SYDNEY, July 18, 2013 /PRNewswire/ -- Frost & Sullivan said that the automotive aftermarket sector in Australia is expected to see consolidation of its aftermarket distributors as well as servicing and maintenance providers as scale becomes essential for profitability.
Mr. Vijay Rao, Research Director, Asia Pacific at Frost & Sullivan said that there will be increased competition from original equipment services (OES) channels through introduction of capped price servicing and longer warranty periods on new vehicles sold.
He added that the demand for SUV parts and accessories is likely to drive the growth of the automotive aftermarket industry in Australia. "Other factors include an increasing average car parc age. Currently, the average age of passenger vehicles in Australia is 9.8 years and this is expected to increase to 10.2 years within the next decade," he said.

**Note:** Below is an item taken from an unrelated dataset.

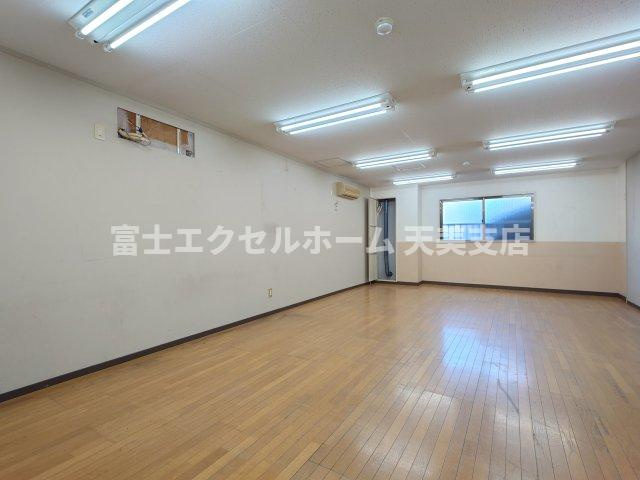 オークハイツの居間・リビング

Mr. Rao is predicting the Australian automotive aftermarket sector to grow at a compound annual growth rate (CAGR) of 1.7 per cent (2012-2020) to reach revenues of US$ 12.93 million in 2020, driven by demand for accessories as well as SUV and performance parts.

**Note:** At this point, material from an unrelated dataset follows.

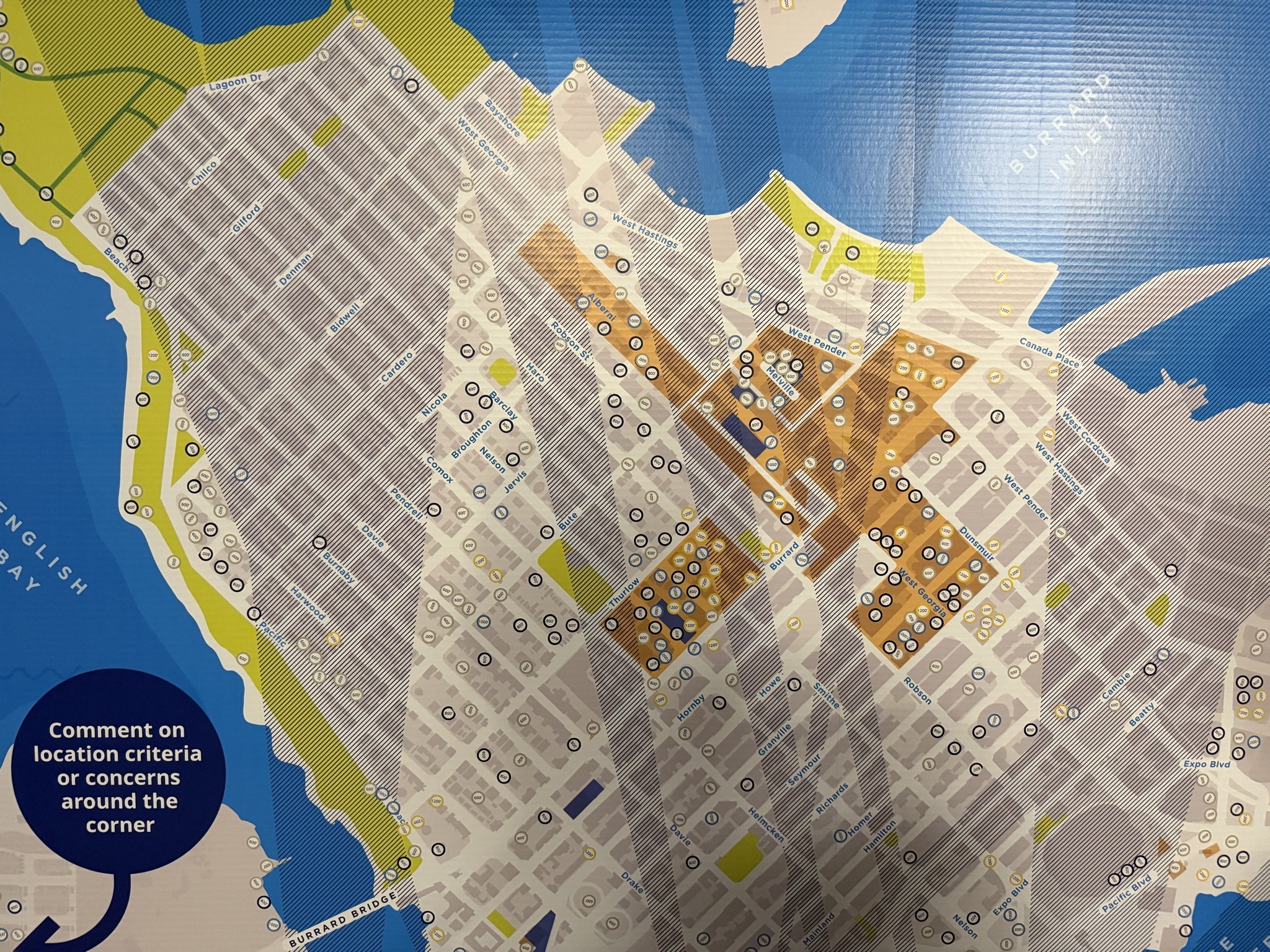 展望台Vancouver Lookoutに無料で入れるチャンス。バンクーバー市が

"There will also be increased opportunities for new participants in the Australian aftermarket sector due to future growth of hybrid and electric vehicles," he added.
Mr. Rao said that the rebound from the global financial crisis, clearly evidenced by the record number of cars sold in 2012 will be an important driver for the Australian automotive aftermarket sector, particularly for the parts and accessories segment.
He noted that Australian consumers are also increasingly turning to the internet to buy their aftermarket parts. "E-retailing is especially high in the case of parts and accessories," Mr. Rao said, adding that the newly-launched Webtyre.net allows customers to buy their tires online and then have them fitted at the nearest Ultra Tune center, a franchised workshop chain.
He noted that currently, there are over 85 registered vehicle brands that run on Australian roads compared to approximately 50 brands in the United States. Mr. Rao said that a diverse car parc in Australia requires aftermarket parts distributors to hold varied inventory, putting pressure on the margins of small independent distributors.
He also said that in order to retain customers for a longer period, OEMs have also recently introduced capped priced servicing to ensure customers continue to return to their dealerships.
"Capped price servicing puts a ceiling on the cost of routine servicing of new vehicles for a predetermined period, reducing ambiguity for customers," he said, adding that OEMs have also increased the warranty period on new cars to up to five years, which is likely keep the customers from taking the vehicles to independent workshops.